A special meeting of the Massachusetts Historical Society was held in Faneuil Hall on December 16, 1873 to “commemorate the one hundredth anniversary of the destruction of the tea in Boston Harbor.”
A letter, written by Society member William T. Davis of Plymouth, MA was read aloud and included in the minutes. As a boy, Mr. Davis recalled hearing the accounts of a woman who was living in Boston at the time of the rebellion. He writes:
Mrs. Cotton, of whom I commenced speaking, was thirteen years of age at the time of the destruction of the tea, and a scholar attending the school and living in the family of Lady Hazeltine, whose house stood in Milk Street, near the Old South. I have heard her tell the story of the Indians and their war-whoop more than once; and she took special pride in remembering that the man-servant in the family came home with tea in his boots, and she with other members of the family drank of it on the following day.

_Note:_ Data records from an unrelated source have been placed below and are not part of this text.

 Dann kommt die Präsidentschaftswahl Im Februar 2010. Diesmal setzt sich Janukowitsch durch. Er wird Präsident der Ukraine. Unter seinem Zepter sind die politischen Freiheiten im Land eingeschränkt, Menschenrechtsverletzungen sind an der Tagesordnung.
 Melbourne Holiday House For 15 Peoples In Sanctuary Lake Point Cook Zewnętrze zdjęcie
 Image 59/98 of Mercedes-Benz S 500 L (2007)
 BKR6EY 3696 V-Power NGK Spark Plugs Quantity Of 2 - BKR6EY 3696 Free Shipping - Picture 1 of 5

Mrs. Cotton was in the habit of repeating to her friends a piece of paper on the subject of the destruction of the tea, and at their request placed it on paper for preservation. …it was a contemporaneous production and written out by a person who witnessed some features of the event you celebrate, and drank of the historic tea.

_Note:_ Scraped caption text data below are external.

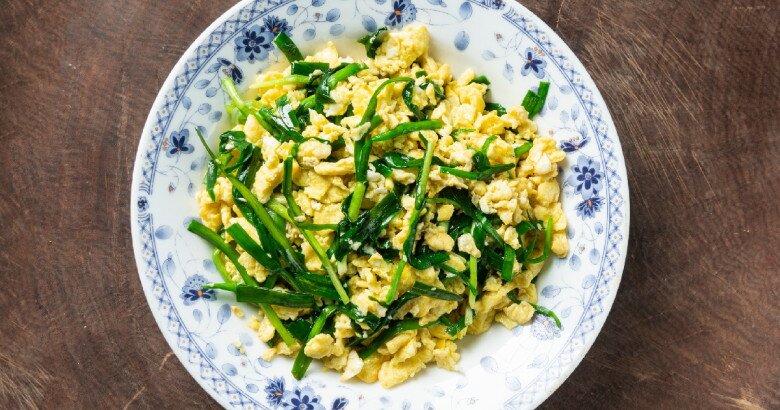 Loại lá mệnh danh là amp;#34;rau của thậnamp;#34;, lại còn tốt cho gan, đem xào với trứng được món rẻ mà bổ dưỡng - 6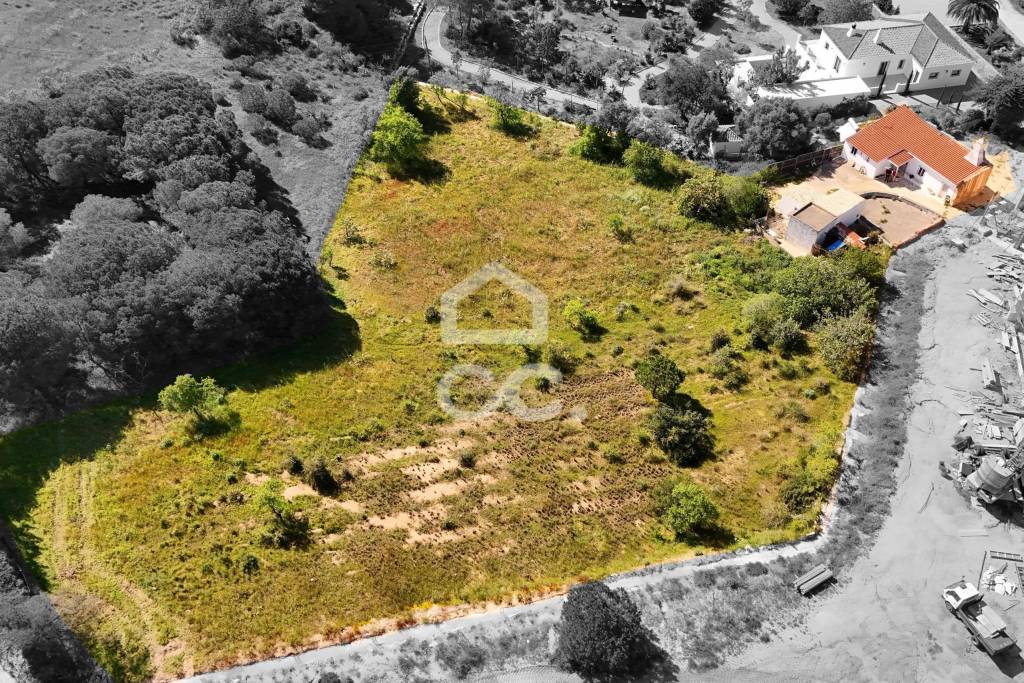 Typical Algarve Villa just 2 km from Marinha beach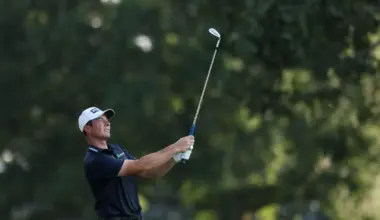 Viktor Hovland leads the Tour Championship by one stroke, ahead of Ryan Gerard.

I enclose that very handwritten poem —
As near beauteous Boston lying,
On a gentle swelling flood,
Without Jack or pennant flying,
Three ill-fated Tea-ships rode:
Just as glorious Sol was setting,
On the wharf a numerous crew,
Sons of freedom, fear forgetting,
Suddenly appeared in view.
O’er the heads, in lofty mid-sky,
Three bright angels then were seen:
This was Hamden, that was Sydney,
And fair Liberty between.
Quick as thought, without delay,
Axes, hammers, were display’d,
Spades & shovels in array—
Oh, what a glorious Crash they made!
Captains, you may hoist your Streamers,
Quickly plow it o’er the wave;
Tell your Masters they were Dreamers
When they thought to Cheat the Brave.
These lines, with some changes in the construction, and with the addition of three stanzas, were published in the Boston Evening Post of Monday, January 24, 1774.